It was Benedict's fullest allusion to the scandal since he sent a letter to the Irish faithful March 20 concerning what Irish-government inquiries have concluded was decades of abuse and church-mandated cover-up in the country.

Vatican spokesman the Rev. Federico Lombardi confirmed that Benedict was indeed referring to the scandal. "That's a legitimate reading," he said. "You can apply (his comments) to the current situation."

In his letter to the Irish, Benedict chastised Irish bishops for failures in leadership and judgment. But he took no responsibility himself or for the Vatican, which many victims have blamed for being more concerned about protecting the church than children.

On Monday, the Vatican posted on its Web site what it claimed had been a long-standing church policy telling bishops that they should report abuse crimes to police, where civil laws require it.

But critics have said the guidelines were merely a deceptive attempt by Rome to rewrite history, designed to shield the Vatican from blame by shifting responsibility of dealing with abusive priests onto bishops.

The Rev. Thomas P. Doyle, a canon lawyer who has been the main expert witness for victims in hundreds of lawsuits, called the guidelines a "failed attempt at damage control through revision of history."
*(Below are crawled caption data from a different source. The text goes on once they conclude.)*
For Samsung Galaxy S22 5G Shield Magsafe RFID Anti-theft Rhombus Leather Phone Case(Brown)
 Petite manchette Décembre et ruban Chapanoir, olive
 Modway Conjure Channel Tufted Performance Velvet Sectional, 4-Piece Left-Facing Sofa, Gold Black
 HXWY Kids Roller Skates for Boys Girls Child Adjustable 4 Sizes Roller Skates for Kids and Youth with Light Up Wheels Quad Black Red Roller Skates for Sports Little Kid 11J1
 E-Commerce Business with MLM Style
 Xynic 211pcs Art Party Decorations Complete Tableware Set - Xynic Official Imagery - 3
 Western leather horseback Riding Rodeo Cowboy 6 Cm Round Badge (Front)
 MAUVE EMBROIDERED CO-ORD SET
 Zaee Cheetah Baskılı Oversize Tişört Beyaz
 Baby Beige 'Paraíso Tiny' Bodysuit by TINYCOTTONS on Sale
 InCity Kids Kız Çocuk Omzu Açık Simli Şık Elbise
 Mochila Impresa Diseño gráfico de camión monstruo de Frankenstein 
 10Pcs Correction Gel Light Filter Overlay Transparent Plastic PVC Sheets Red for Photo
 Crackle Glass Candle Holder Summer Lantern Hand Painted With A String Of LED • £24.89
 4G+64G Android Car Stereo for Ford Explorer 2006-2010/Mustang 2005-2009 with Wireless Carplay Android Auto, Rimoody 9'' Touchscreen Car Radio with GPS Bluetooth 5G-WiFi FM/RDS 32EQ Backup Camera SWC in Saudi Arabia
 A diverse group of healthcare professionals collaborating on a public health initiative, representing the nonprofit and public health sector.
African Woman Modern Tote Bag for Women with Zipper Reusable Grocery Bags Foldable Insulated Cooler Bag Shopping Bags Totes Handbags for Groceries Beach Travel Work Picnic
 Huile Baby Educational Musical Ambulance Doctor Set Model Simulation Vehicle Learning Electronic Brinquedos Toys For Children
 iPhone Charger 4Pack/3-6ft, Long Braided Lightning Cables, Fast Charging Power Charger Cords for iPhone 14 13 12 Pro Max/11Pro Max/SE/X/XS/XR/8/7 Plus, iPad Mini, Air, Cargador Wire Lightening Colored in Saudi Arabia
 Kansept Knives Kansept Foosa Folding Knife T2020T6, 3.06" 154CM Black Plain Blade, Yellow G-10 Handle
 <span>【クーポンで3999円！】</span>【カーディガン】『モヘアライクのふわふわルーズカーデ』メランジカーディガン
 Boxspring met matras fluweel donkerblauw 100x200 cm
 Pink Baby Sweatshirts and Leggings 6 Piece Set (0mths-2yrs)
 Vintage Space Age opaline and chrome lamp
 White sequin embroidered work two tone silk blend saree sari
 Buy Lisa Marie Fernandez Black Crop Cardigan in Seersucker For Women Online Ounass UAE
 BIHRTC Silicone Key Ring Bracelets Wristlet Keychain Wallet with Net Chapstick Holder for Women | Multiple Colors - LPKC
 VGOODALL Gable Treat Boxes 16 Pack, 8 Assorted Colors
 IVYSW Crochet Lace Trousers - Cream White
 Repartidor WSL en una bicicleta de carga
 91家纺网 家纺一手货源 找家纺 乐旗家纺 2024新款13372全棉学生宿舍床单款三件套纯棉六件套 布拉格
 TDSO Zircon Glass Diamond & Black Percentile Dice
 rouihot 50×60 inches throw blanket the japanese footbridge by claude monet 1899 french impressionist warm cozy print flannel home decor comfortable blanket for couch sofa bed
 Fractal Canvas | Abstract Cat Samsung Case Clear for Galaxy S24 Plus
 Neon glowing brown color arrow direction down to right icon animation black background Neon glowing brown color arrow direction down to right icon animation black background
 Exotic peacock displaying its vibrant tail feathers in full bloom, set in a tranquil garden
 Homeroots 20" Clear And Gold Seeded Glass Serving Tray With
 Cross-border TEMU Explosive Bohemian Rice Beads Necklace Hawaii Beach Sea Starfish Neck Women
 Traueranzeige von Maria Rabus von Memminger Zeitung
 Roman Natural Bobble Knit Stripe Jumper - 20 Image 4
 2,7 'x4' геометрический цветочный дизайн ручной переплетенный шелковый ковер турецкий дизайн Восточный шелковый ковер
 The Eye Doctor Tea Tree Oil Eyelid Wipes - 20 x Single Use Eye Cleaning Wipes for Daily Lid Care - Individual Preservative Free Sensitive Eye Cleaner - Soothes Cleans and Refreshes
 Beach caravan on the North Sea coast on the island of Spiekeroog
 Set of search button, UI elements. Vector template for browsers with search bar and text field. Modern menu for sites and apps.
He noted that senior Vatican officials, including the current Vatican No. 2, Cardinal Tarcisio Bertone, in 2002 were quoted as saying the church shouldn't require bishops to report abusive priests to police because it would violate the trust the two shared.

"In practice, the policy has been to avoid contact with civil authorities and to cover up the crimes and the criminals," Doyle wrote in an article this week. "The newly created canonical tradition of referral to civil authorities is the result of one thing: public outrage, the exposure from the media and the pressure for accountability in civil courts."